I think if I were to hunt a Kodiak with a handgun, I'd want one of these.

I don't like their looks, though.  It'll be interesting to see what other models come out from other companies.

Anybody know if this is as strong as the 500 Linebaugh Long?


Steve


----------



## dearnis.com (Dec 7, 2003)

> Anybody know if this is as strong as the 500 Linebaugh Long?

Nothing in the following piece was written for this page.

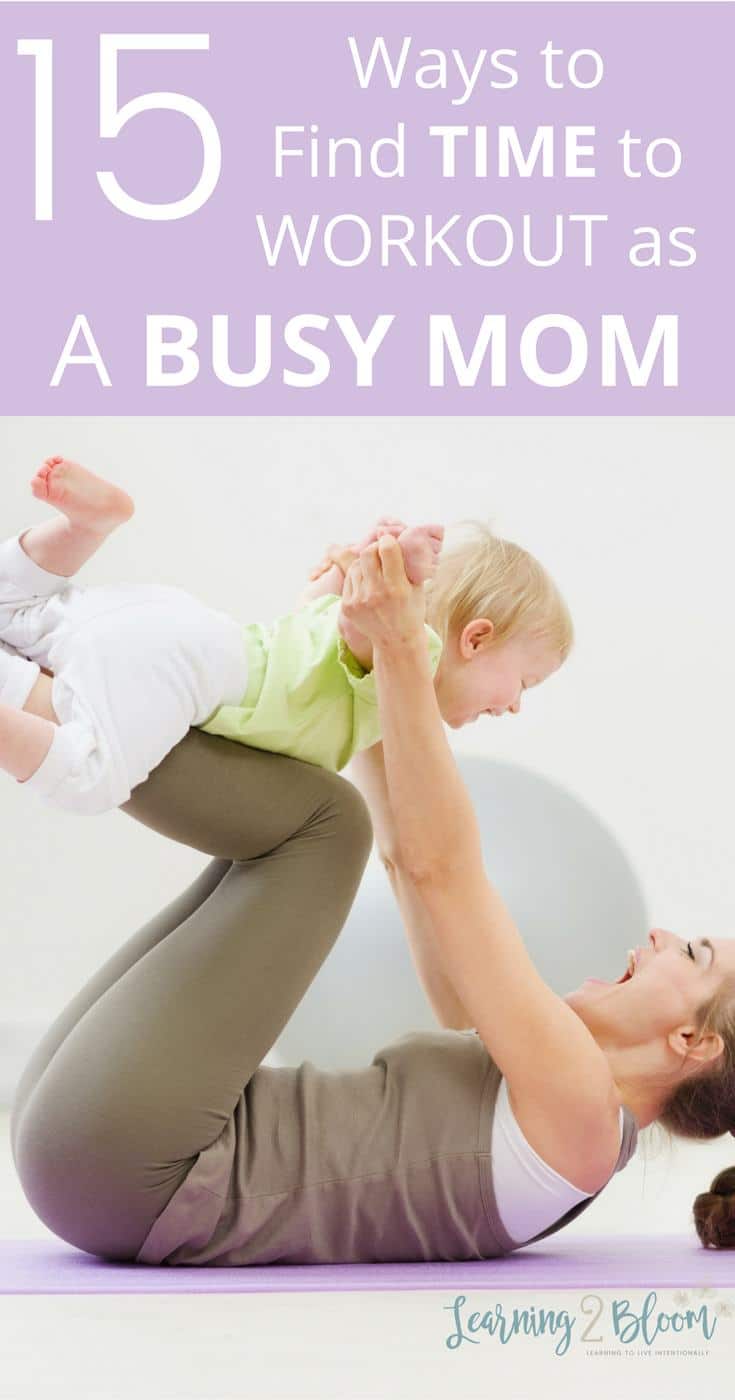 Check out these 15 ways to find time to workout as a busy mom. Moms job is tough. There's always so much to do, but make sure that you're always taking care of yourself. These ideas will help you figure out how to fit in your exercise routine when you're not quite sure how to make it happen.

I'd bet not; this is really Smith's forst foray into an areana built and dominated by others.  Our departments Smith sales rep had one of these at the range about 3 months ago; no rounds of course (though I did get to work the new Smith 1911.  Not bad, but I'm not giving up my Kimber).
My auto mechanic told me he did get one (the .500) just because he could.  No range report as yet.

Chad


----------